§ **Exercise description**:
For the records that follow, restate each one word for word and leave the images behind.

(Beginning of Dataset excerpts)

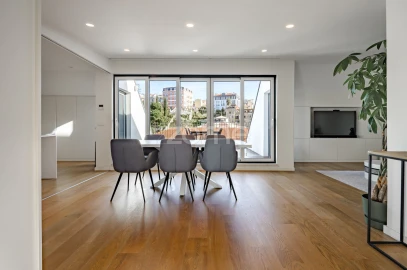 Apartamento T3 para Arrendamento em Santa Maria Maior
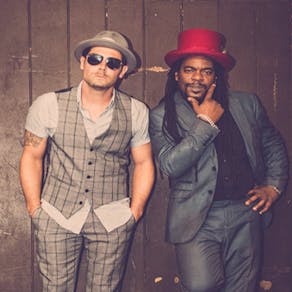 Tyber & Pete from The Dualers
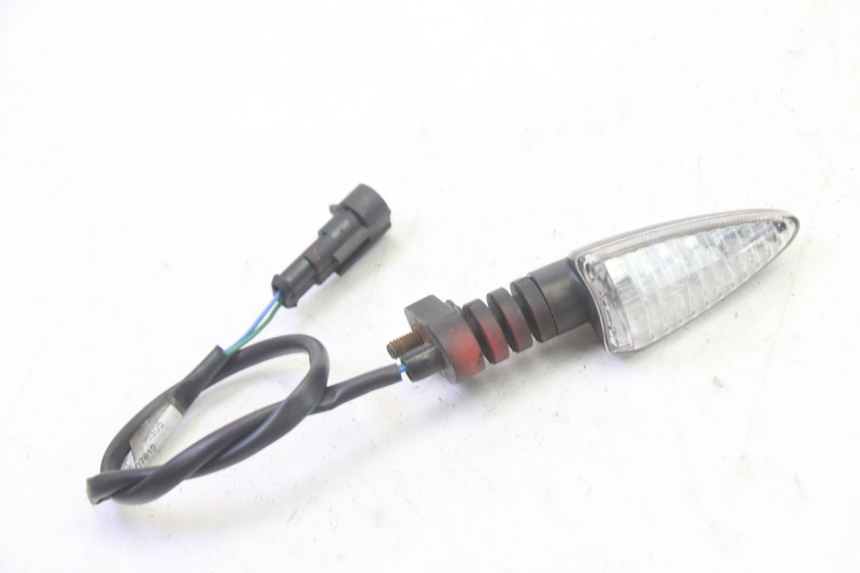 photo de KIERUNKOWSKAZ PRZEDNI PRAWY LIGIER PULSE 3 1 (2014 - 2020) - Szczegół części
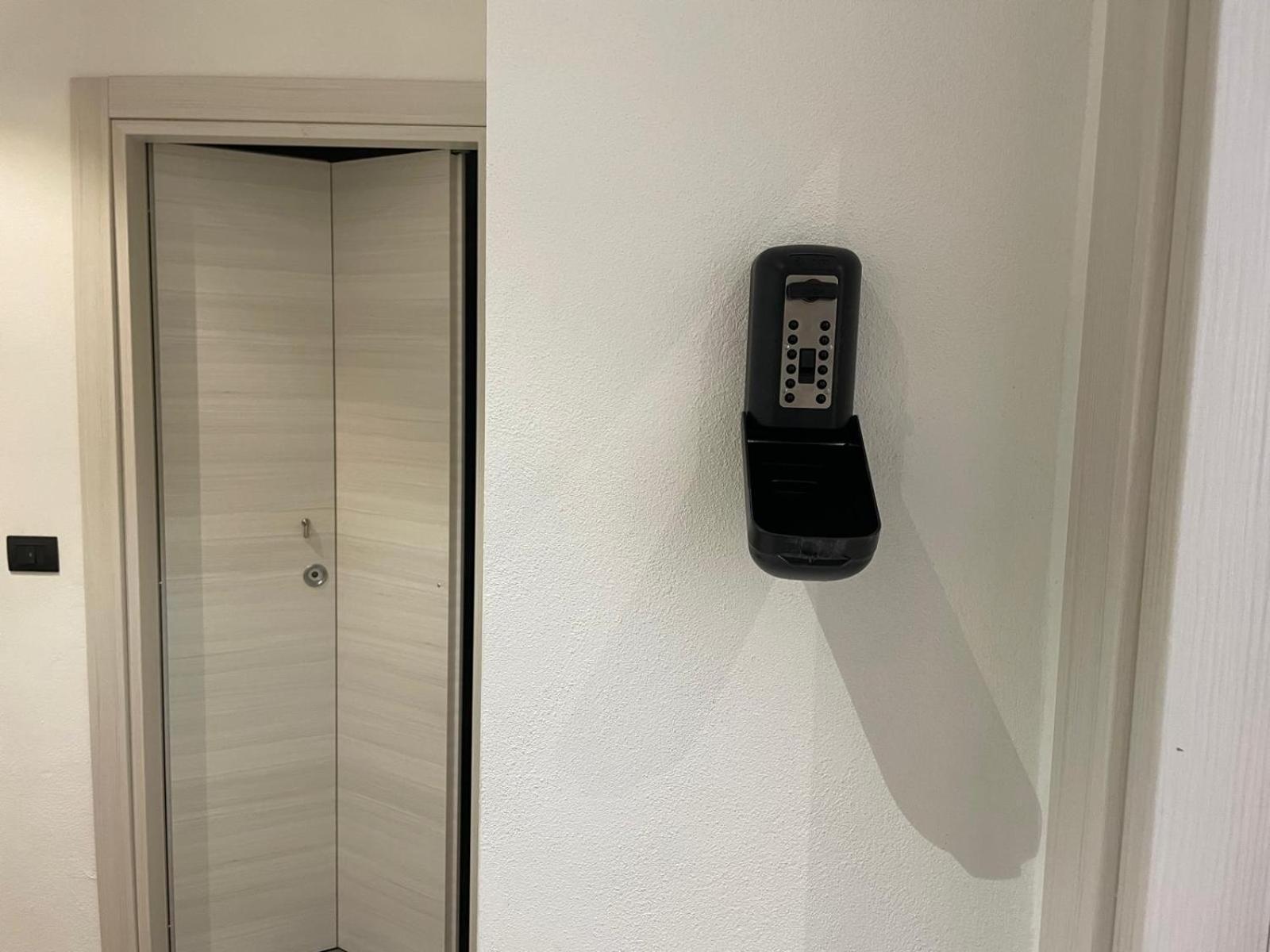 Drooms 4,0 Domotic Smart Self 24H,7 Vicino Treni Porta Susa E Centro Storico Torino Dış mekan fotoğraf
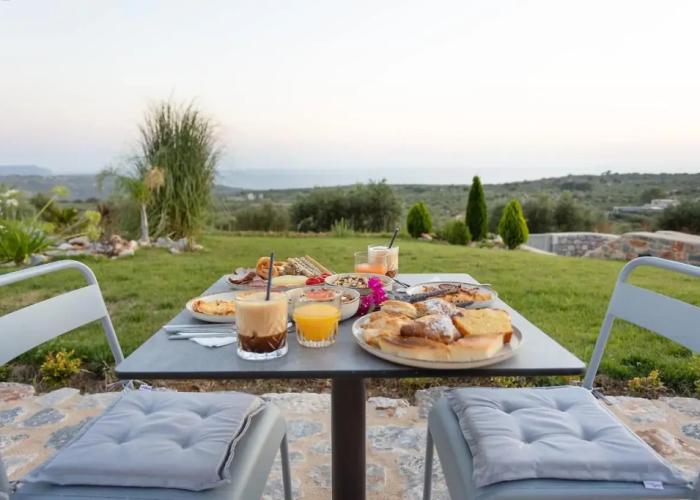 Armantanis Luxury Suites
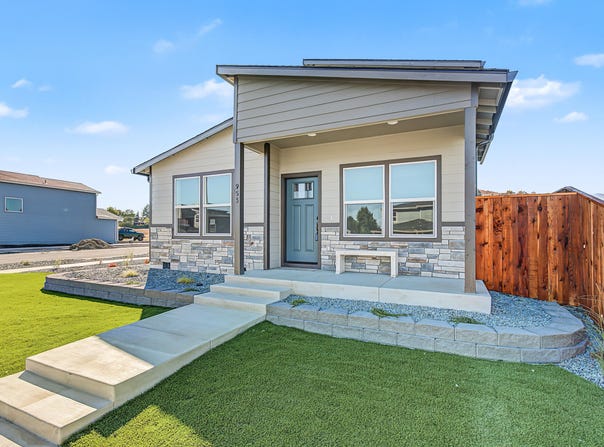 953 Honey Bee Street, Medford, OR 97501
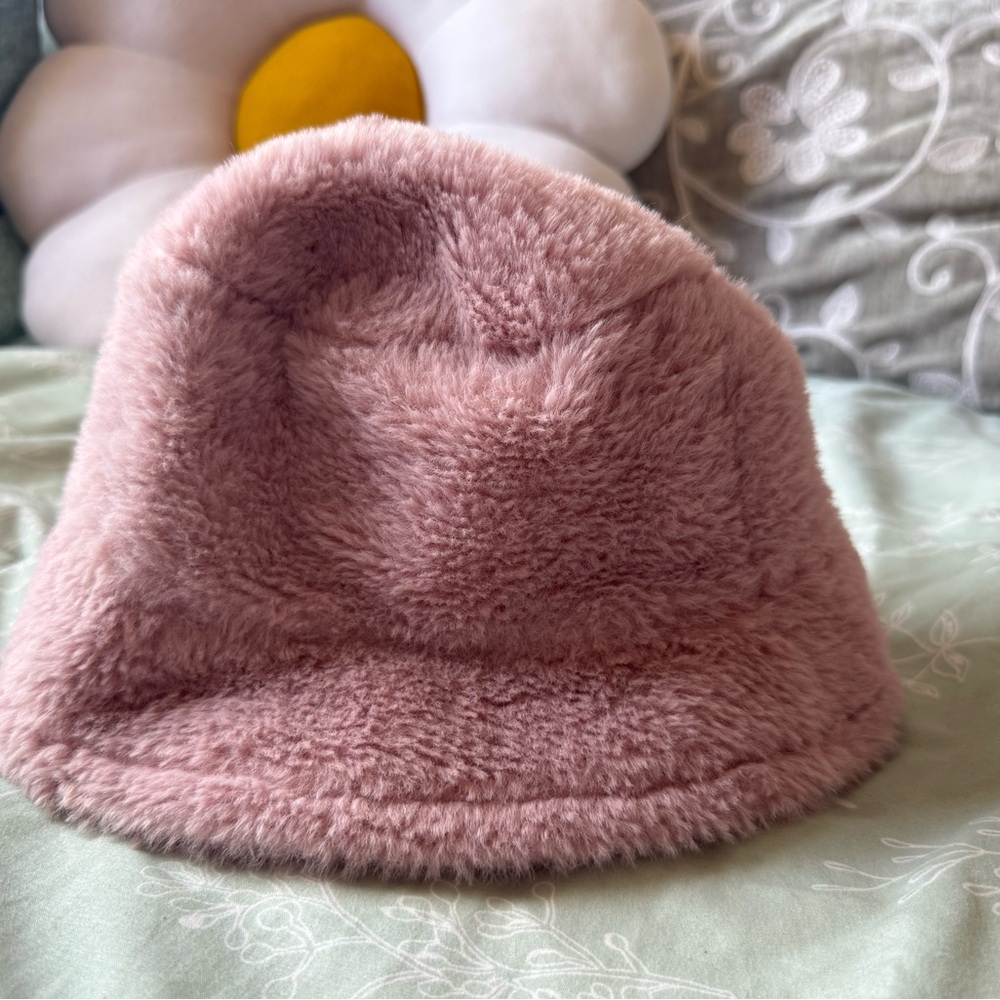 Pink Faux Fur Bucket Hat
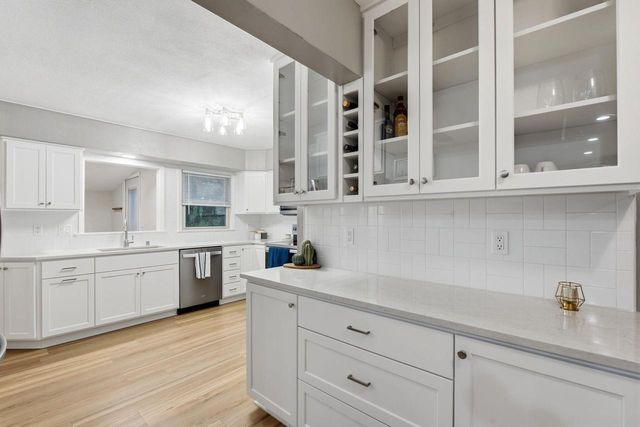 240 Prospect DRIVE, Brookfield, WI 53005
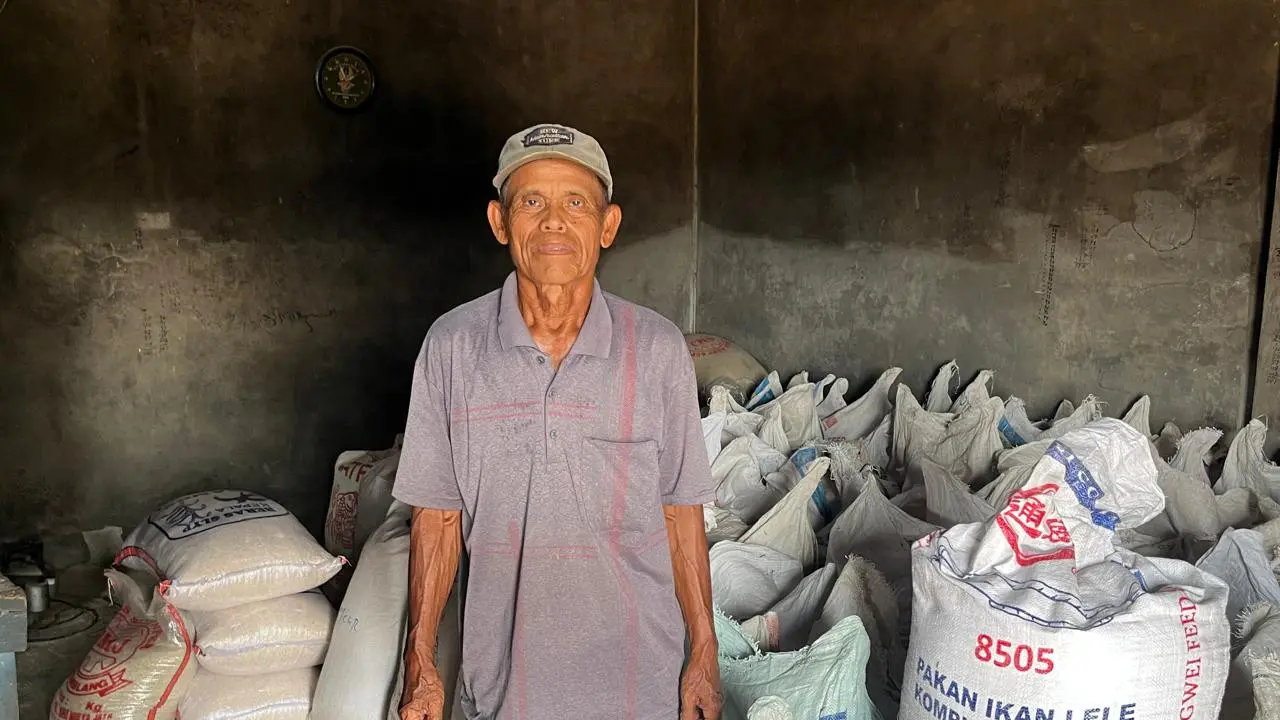 Oming (70), Pemilik Usaha Penggilingan Padi di Jonggol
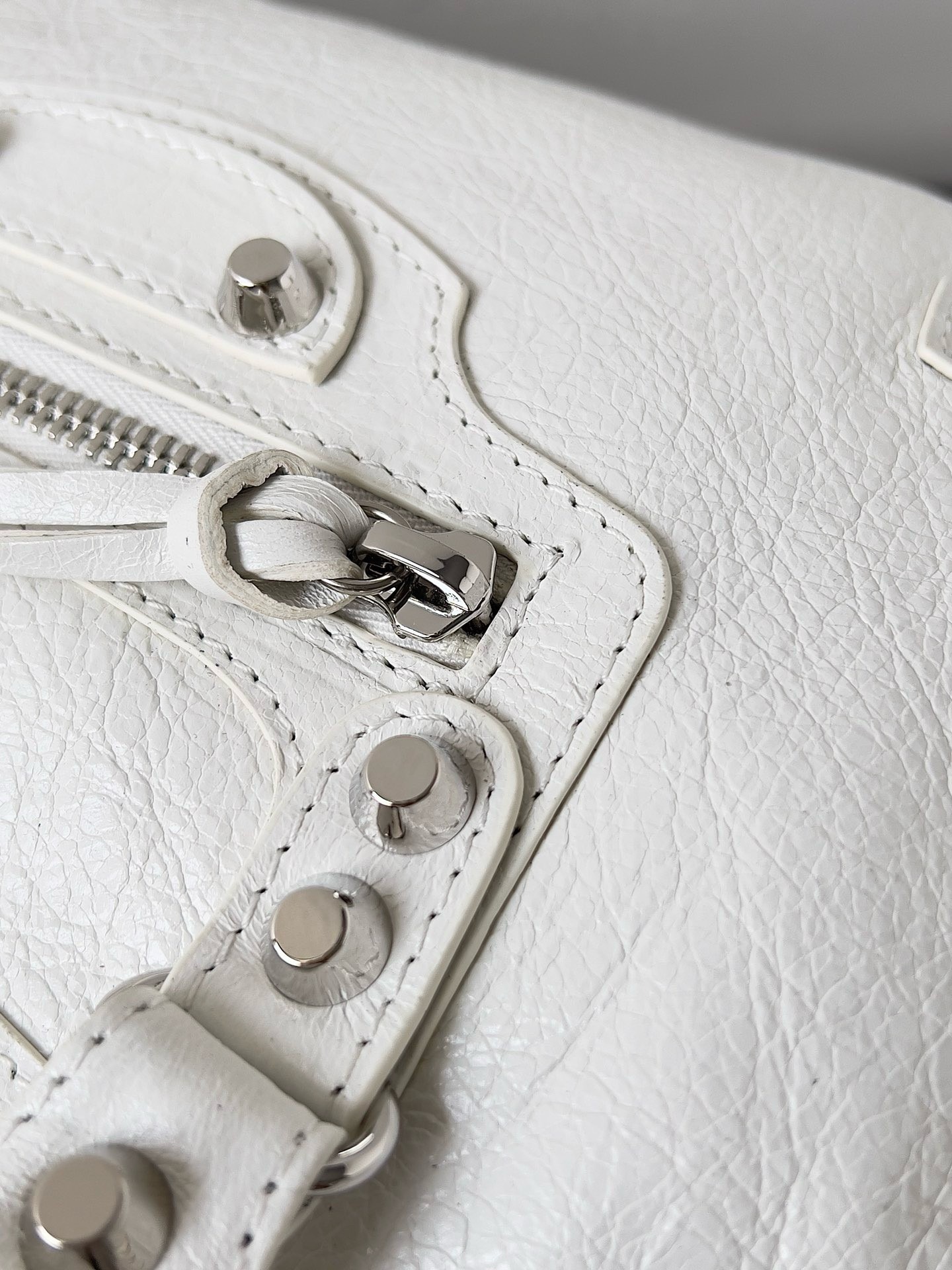 Knockoff Balenciaga Le City Small Bag White Arena Lambskin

(End of Dataset excerpts)

§ **Output for this exercise**:
 Apartamento T3 para Arrendamento em Santa Maria Maior
 Tyber & Pete from The Dualers
 photo de KIERUNKOWSKAZ PRZEDNI PRAWY LIGIER PULSE 3 1 (2014 - 2020) - Szczegół części
 Drooms 4,0 Domotic Smart Self 24H,7 Vicino Treni Porta Susa E Centro Storico Torino Dış mekan fotoğraf
 Armantanis Luxury Suites
 953 Honey Bee Street, Medford, OR 97501
 Pink Faux Fur Bucket Hat
 240 Prospect DRIVE, Brookfield, WI 53005
 Oming (70), Pemilik Usaha Penggilingan Padi di Jonggol
 Knockoff Balenciaga Le City Small Bag White Arena Lambskin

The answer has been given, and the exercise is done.